Data entries

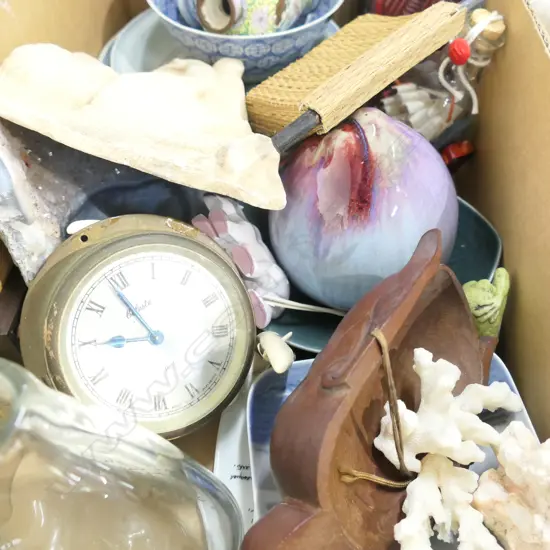 LOT ASST INCL. ETCHED ART GLASS VASE / MAORI CARVED BOX ETC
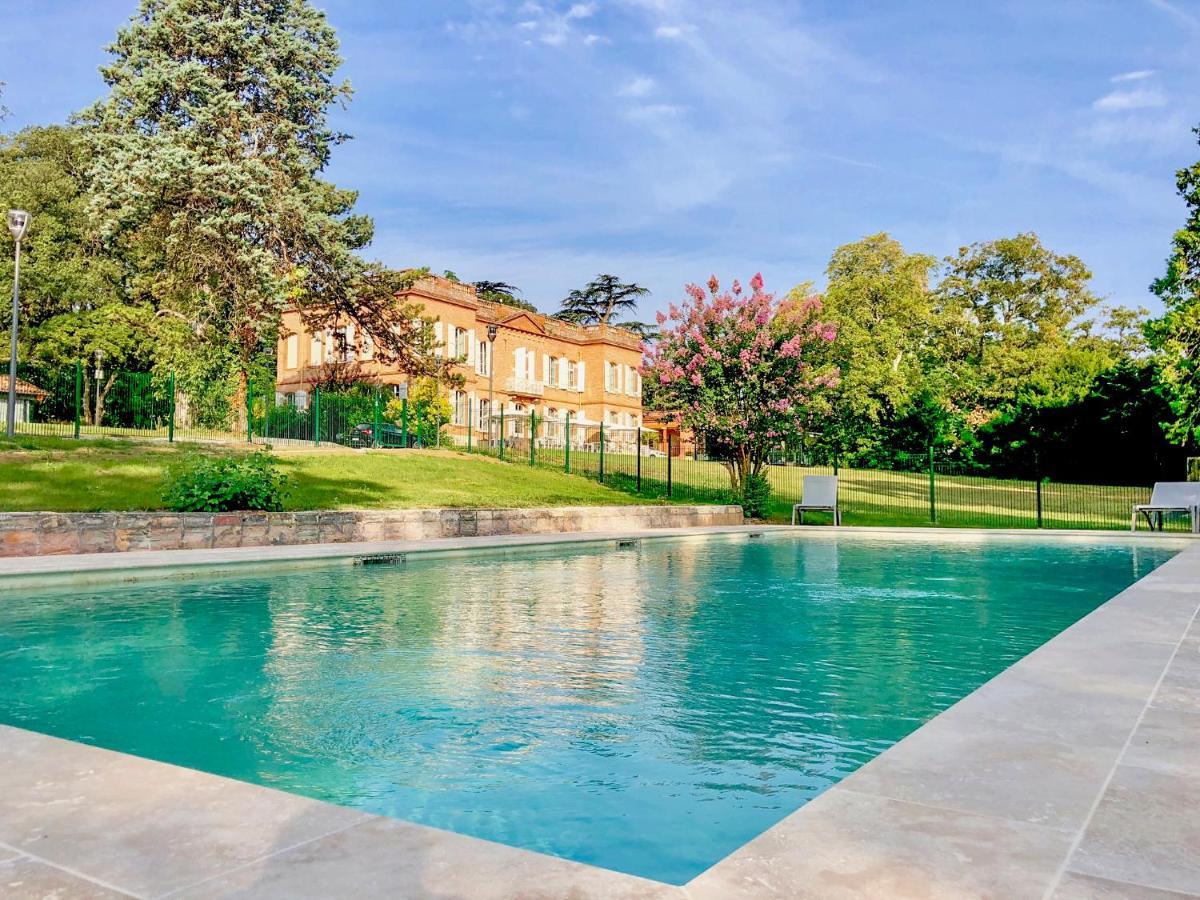 Hotel Western Premier Le Domaine De Montjoie 4*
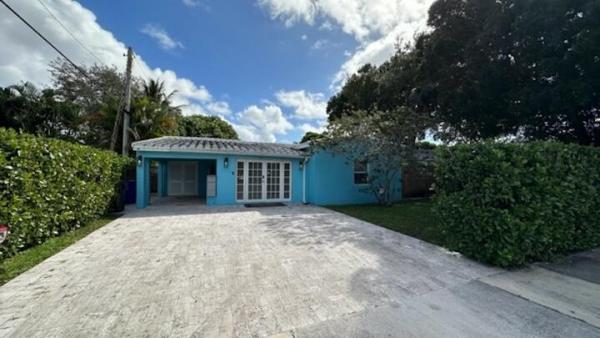 Yellowstone Park, 1908 SW 12th Ave, Fort Lauderdale, Florida 33315, image 1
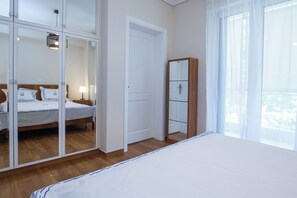 3 bedrooms, iron/ironing board, free WiFi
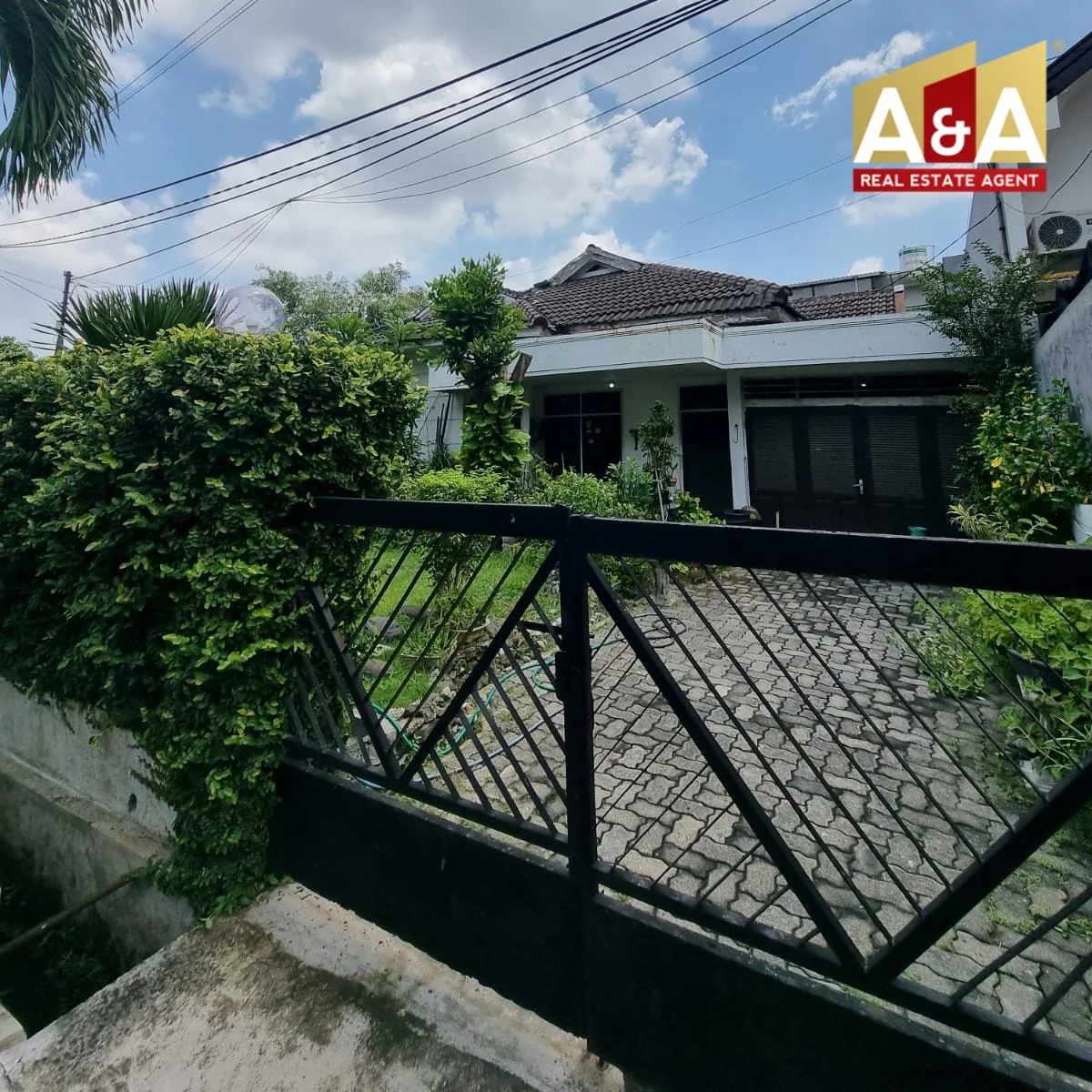 Dijual Rumah Strategis Hook di Panjang Jiwo Permai Surabaya Timur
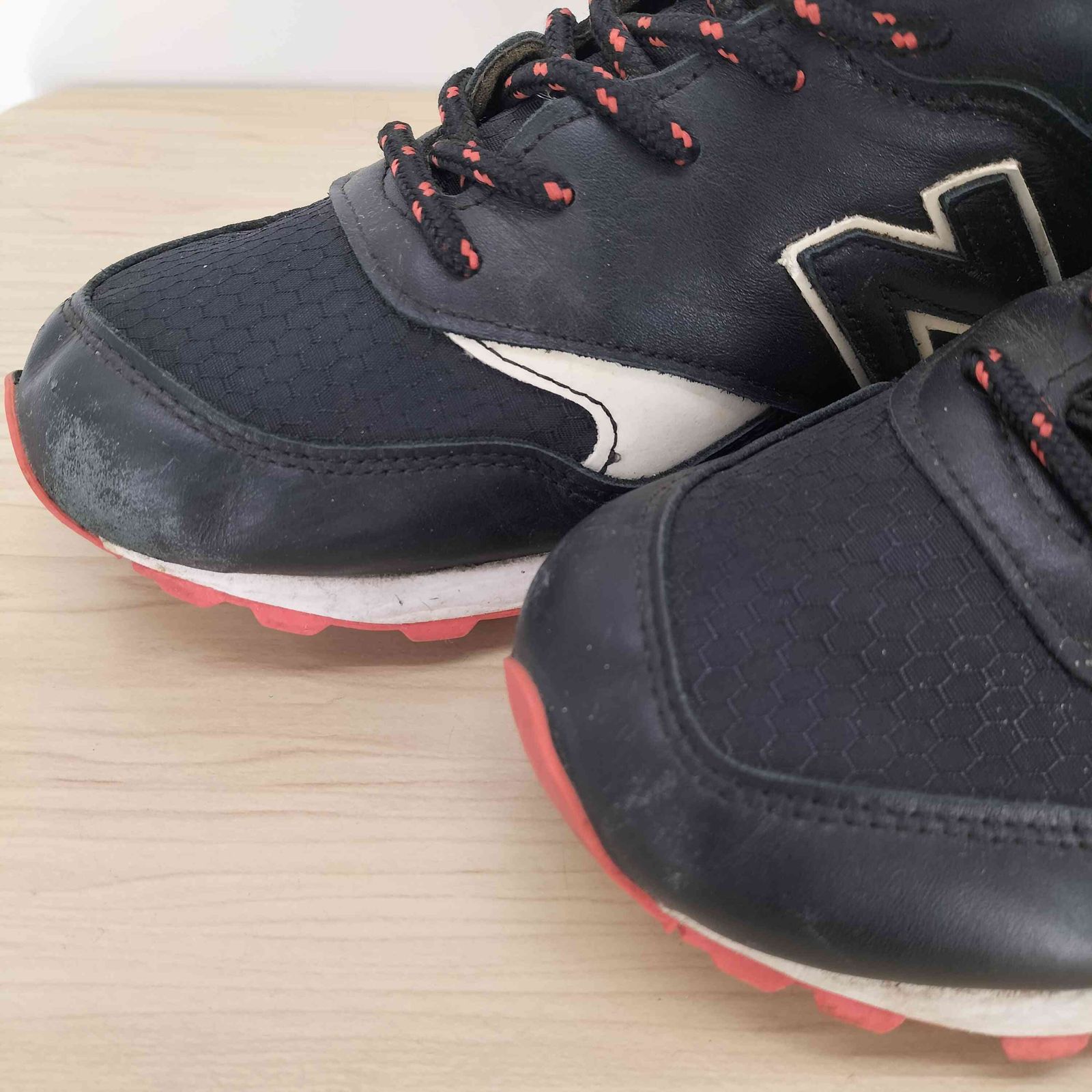NEW BALANCE(ニューバランス) イングランド製 M577 SZE SIZE?×STAPLE メンズ  43【中古】【ブランド古着バズストア】 ニューバランス NEW BALANCE イングランド製 M577 SZE SIZE?×STAPLE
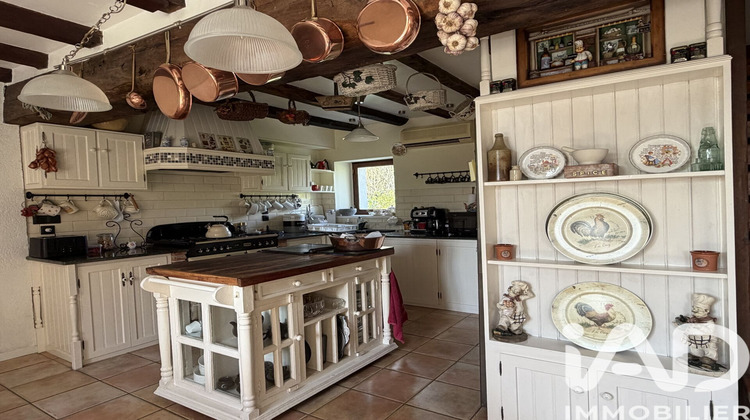 Ma-Cabane - Vente Maison Saint-Paul-en-Gâtine, 268 m²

**Goal of the exercise:**
No picture belongs in the copy. Print every entry above exactly as it stands.

**Task solution:**
 LOT ASST INCL. ETCHED ART GLASS VASE / MAORI CARVED BOX ETC
 Hotel Western Premier Le Domaine De Montjoie 4*
 Yellowstone Park, 1908 SW 12th Ave, Fort Lauderdale, Florida 33315, image 1
 3 bedrooms, iron/ironing board, free WiFi
 Dijual Rumah Strategis Hook di Panjang Jiwo Permai Surabaya Timur
NEW BALANCE(ニューバランス) イングランド製 M577 SZE SIZE?×STAPLE メンズ  43【中古】【ブランド古着バズストア】 ニューバランス NEW BALANCE イングランド製 M577 SZE SIZE?×STAPLE
 Ma-Cabane - Vente Maison Saint-Paul-en-Gâtine, 268 m²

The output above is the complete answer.